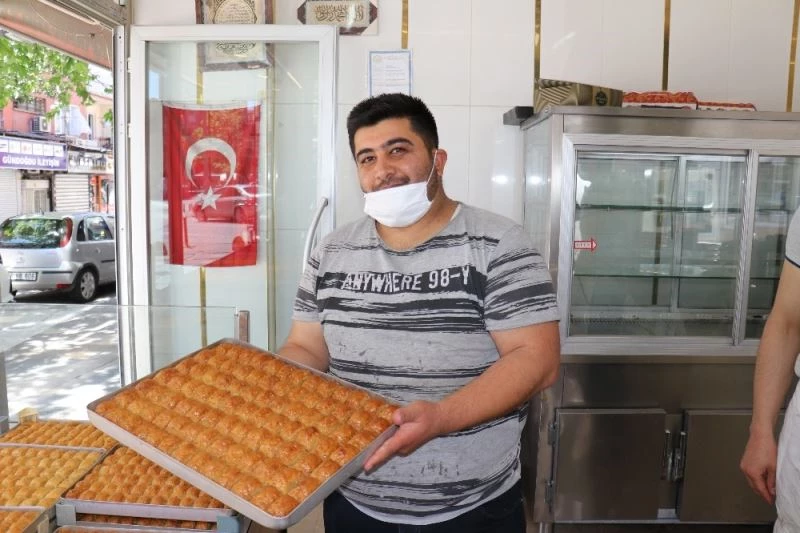 Bayram kısıtlamasına rağmen baklavaya yoğun ilgi
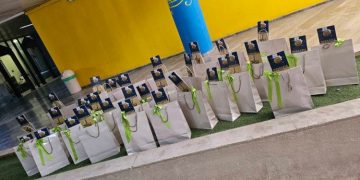 Σχολικά είδη σε οικονομικά αδύναμες οικογένειες μοίρασε το Κοινωνικό Παντοπωλείο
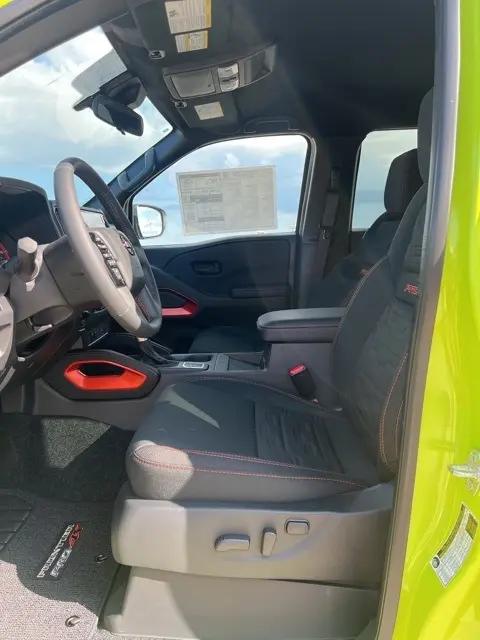 2026 Nissan Frontier PRO-4X photo 9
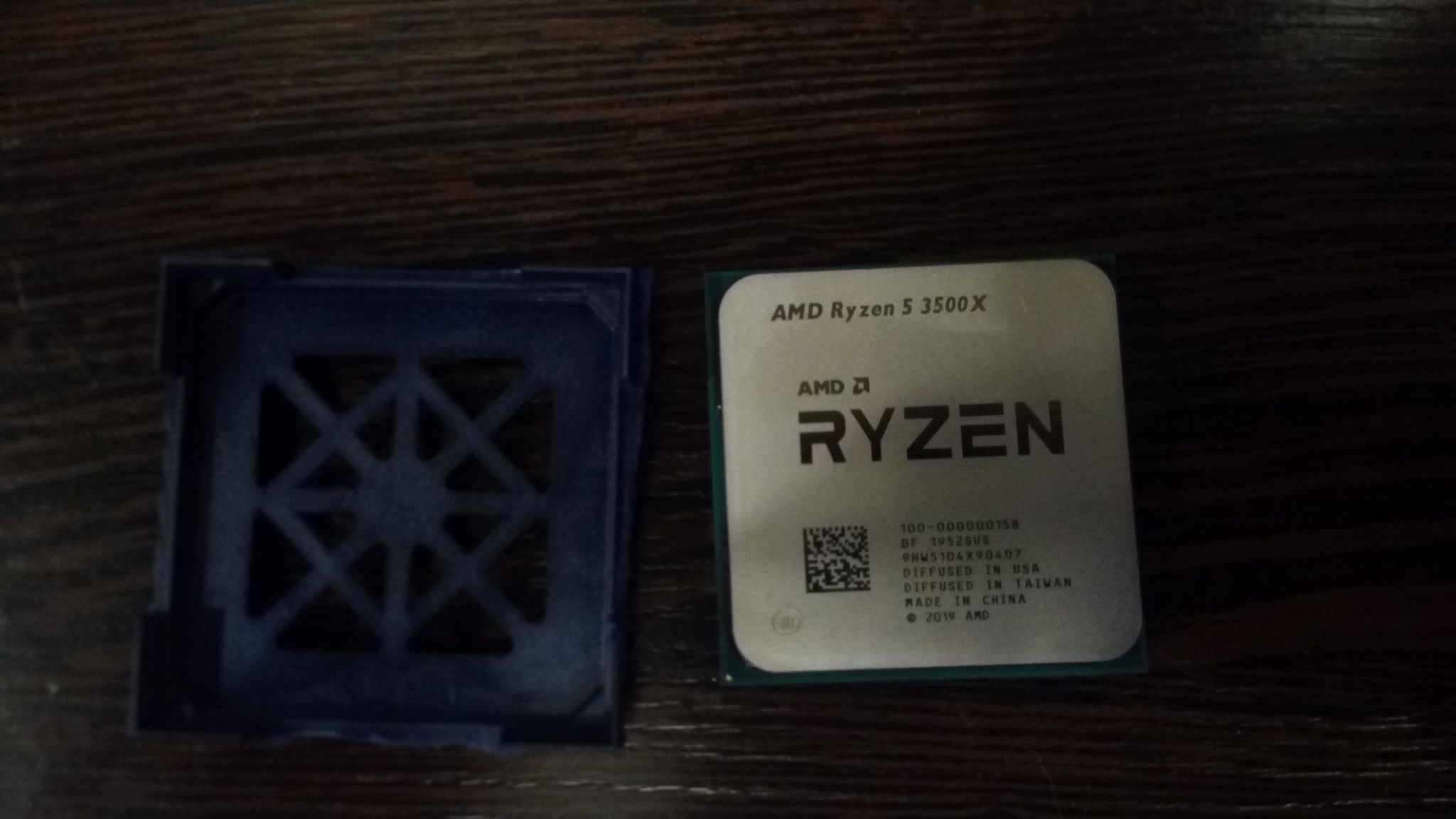 Ryzen 5 7520u radeon 610m. AMD Ryzen 5 3500 OEM. Процессор AMD Ryzen 5 3500x OEM. Процессор AMD am7410jby44jb. AMD Ryzen 5 3500x 6-Core Processor.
* * *
◆ **What you will do**: Whenever a picture appears in the listing, leave it out; copy everything else exactly.

◆ **Written solution**:
 Bayram kısıtlamasına rağmen baklavaya yoğun ilgi
 Σχολικά είδη σε οικονομικά αδύναμες οικογένειες μοίρασε το Κοινωνικό Παντοπωλείο
 2026 Nissan Frontier PRO-4X photo 9
 Ryzen 5 7520u radeon 610m. AMD Ryzen 5 3500 OEM. Процессор AMD Ryzen 5 3500x OEM. Процессор AMD am7410jby44jb. AMD Ryzen 5 3500x 6-Core Processor.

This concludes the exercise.